Argentine authorities have arrested 10 police officers and charged them with murdering a transgender woman in 2023.

In the historic development in the fight for LGBTQ justice in the country, the officers who were arrested on May 1 face murder and hate crime charges in connection with Sofia Fernández’s brutal death on April 11, 2023. The case has uncovered not only entrenched institutional violence, but also the ongoing struggle against impunity for hate crimes.

The initial investigation, which began last September, faced numerous obstacles, with only three points of expertise completed out of the 16 required for a formal indictment. Ignacio Fernandez, a lawyer who represents Sofia Fernández’s family, told the Washington Blade “the family’s lack of confidence in the initial prosecutor led to his departure, which coincided with my arrival to the investigation in September of last year, collaborating in an arduous but vital investigation.”

Ignacio Fernández described the long process to unravel the truth behind the brutal murder.

The legal and forensic teams faced numerous challenges that included coordination with gender-specialized prosecutors to the meticulous analysis of thousands of pieces of data on seized cell phones.

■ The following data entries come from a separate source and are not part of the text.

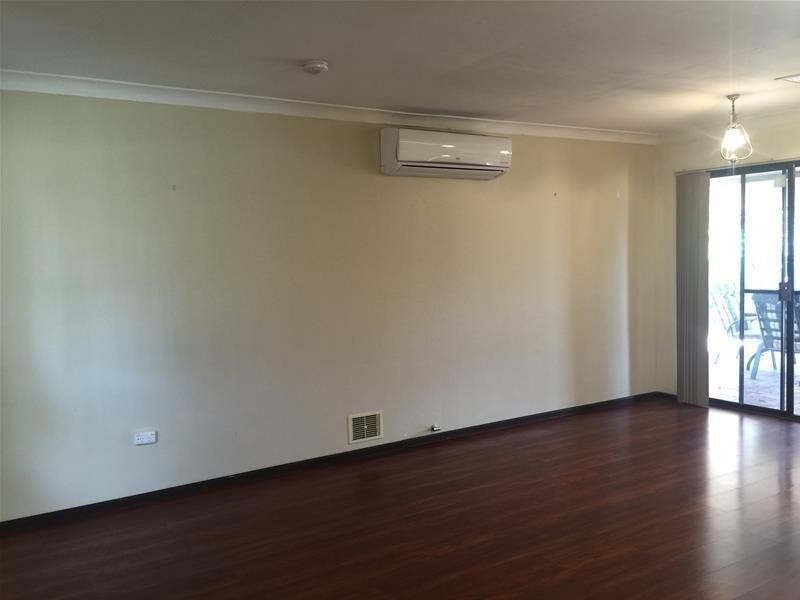 21 Darley Circle, Bull Creek WA 6149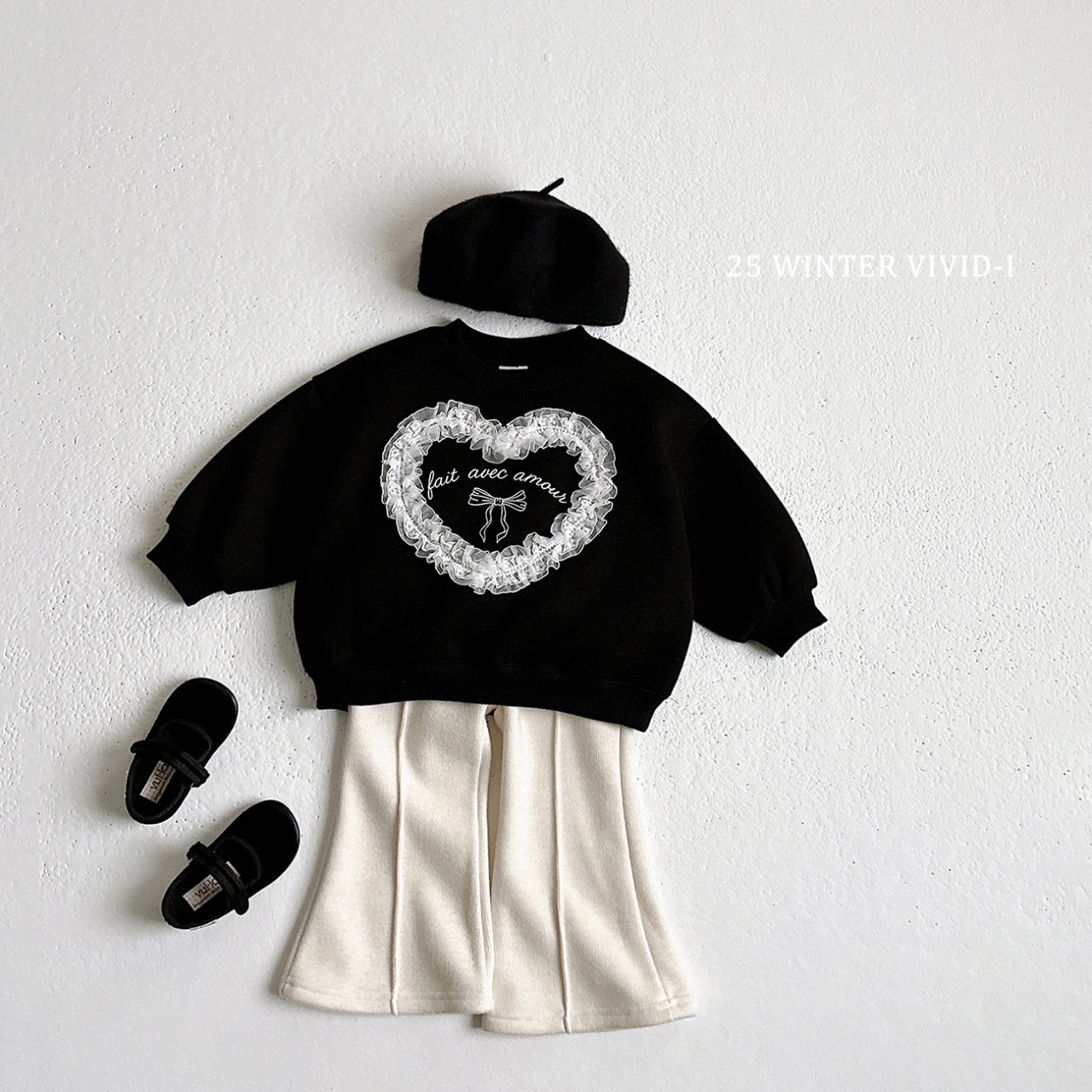 image_9783CFBD-EAC7-45B5-B506-FC417F445B47_1766059027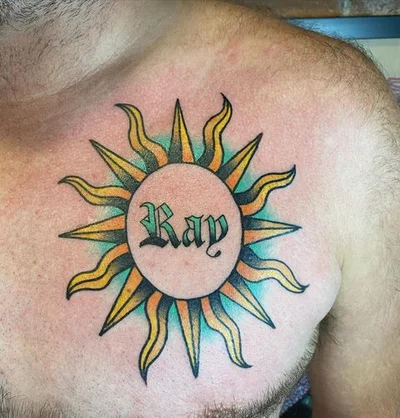 ERoCK tattoo 026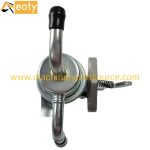 D905 D1005 D1105 D1305 V1305 V1505 Fuel Feed Pump 16285-52030 16285-52032 For Kubota B21 B1700 product image 3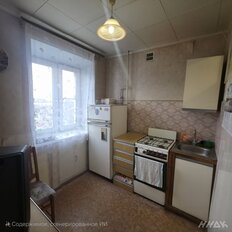 Квартира 44 м², 2-комнатная - изображение 2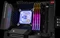 EK Water Blocks Quantum Line EK-Quantum Magnitude D-RGB, 1700, Nickel Acryl Vorschaubild
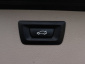 BMW 3, 2013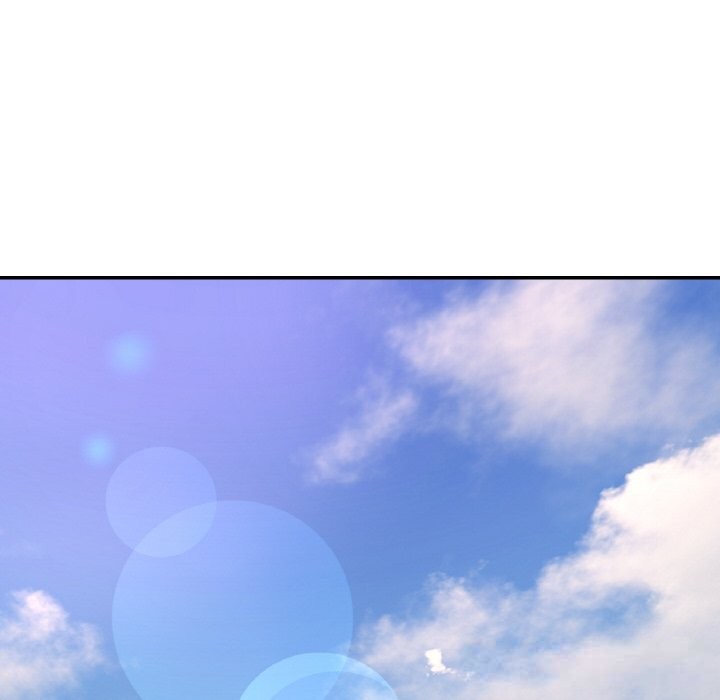 已嫁人的她第34話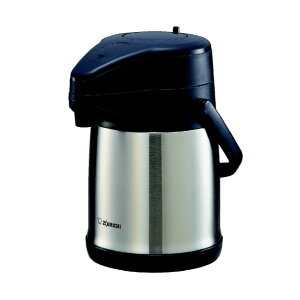 �ۈ� �X�e�����X�G�A�[�|�b�g 2�D2L �X�e�����X SR-CC22-XA [SRCC22XA]�yARMP�z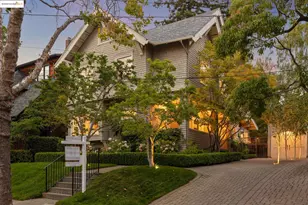 236 Bonita Ave, Piedmont, CA 94611 - Photo 1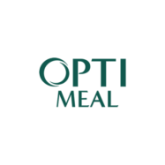 Picture for category Optimeal Picture for category Optimeal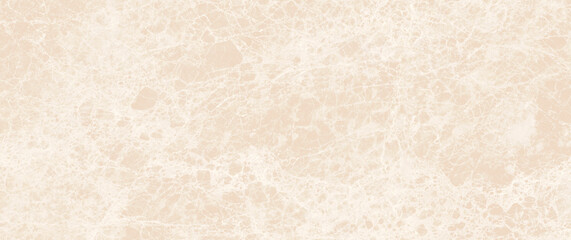 Beige marble stone texture. Natural background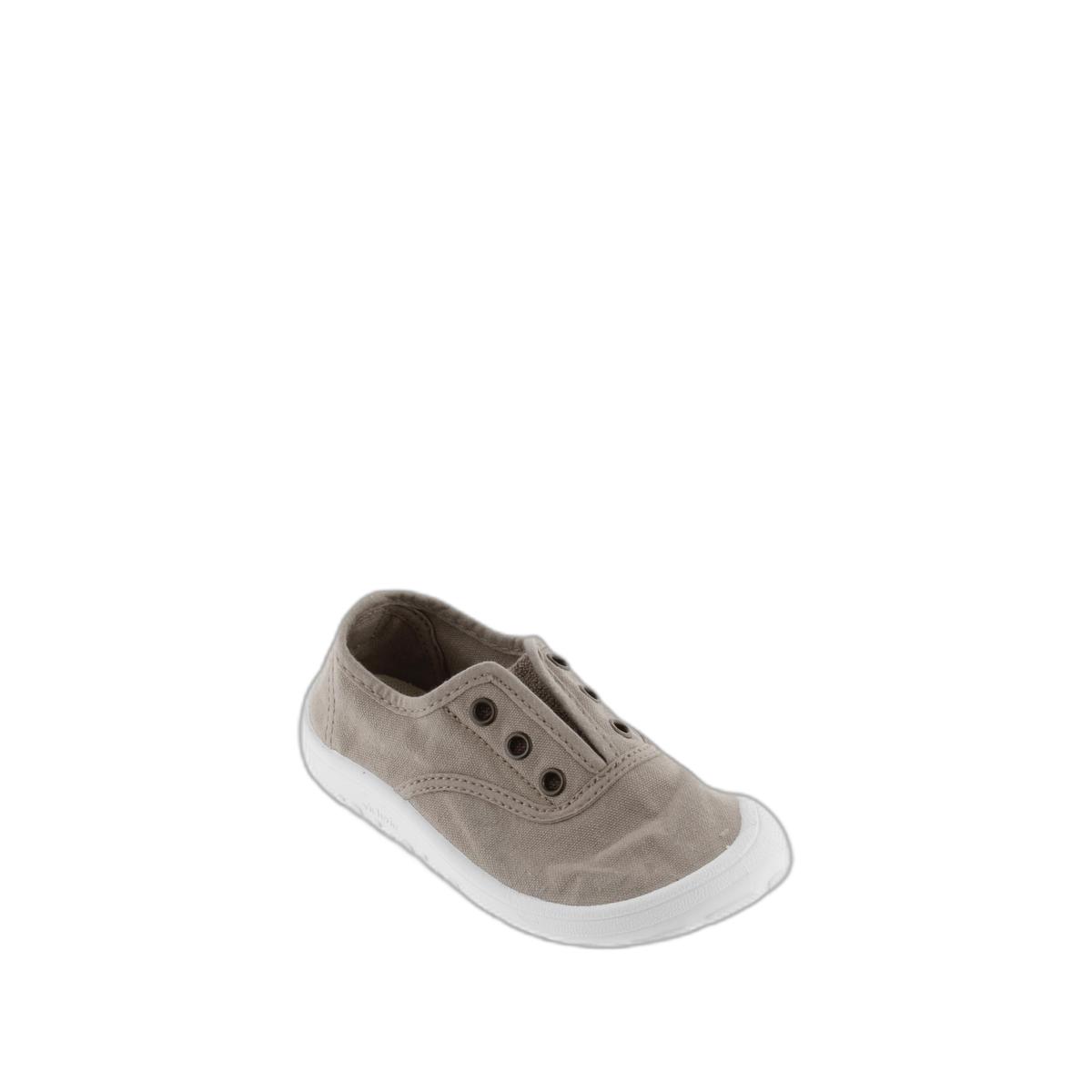 product/v/i/victoria_1370110-80_beige_1.jpg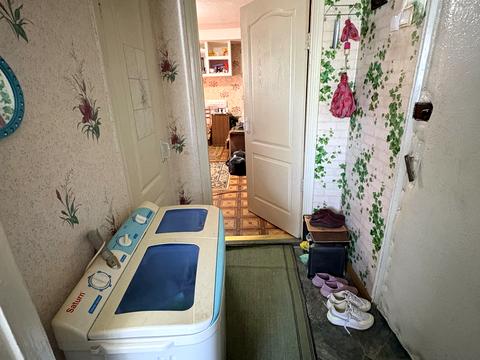 квартира за адресою Військбуд вул., 66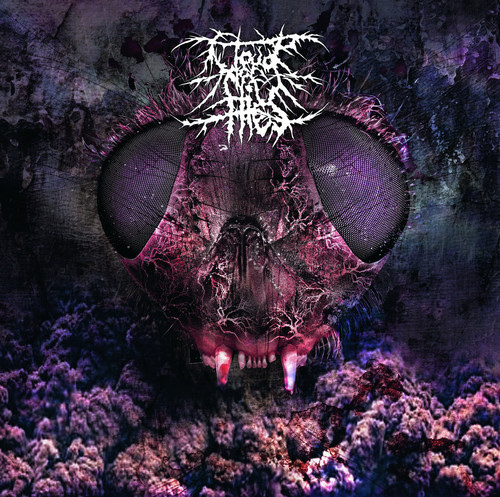 Clouds of file Clouds of File.jpg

“The forensic report revealed the gruesome nature of the crime; Sofia was killed by asphyxiation with a piece of mattress and her own underwear, in addition to suffering beatings and physical torture,” Ignacio Fernández told the Blade. “Sofía was kept alone in a cell of the 5th Police Station of Pilar, under the custody of the police of the province of Buenos Aires, which triggered an intense scrutiny of the conduct of the police forces.”

The indictment, according to Ignacio Fernández, charges the three policemen with “triple homicide qualified by hatred of their sexual orientation, by the premeditated participation of three or more persons and by the abuse of their position as policemen; while the remaining seven policemen are implicated for the double qualified cover-up for being a very serious crime and for the abuse of their position as policemen in competition with the falsification of public documents.”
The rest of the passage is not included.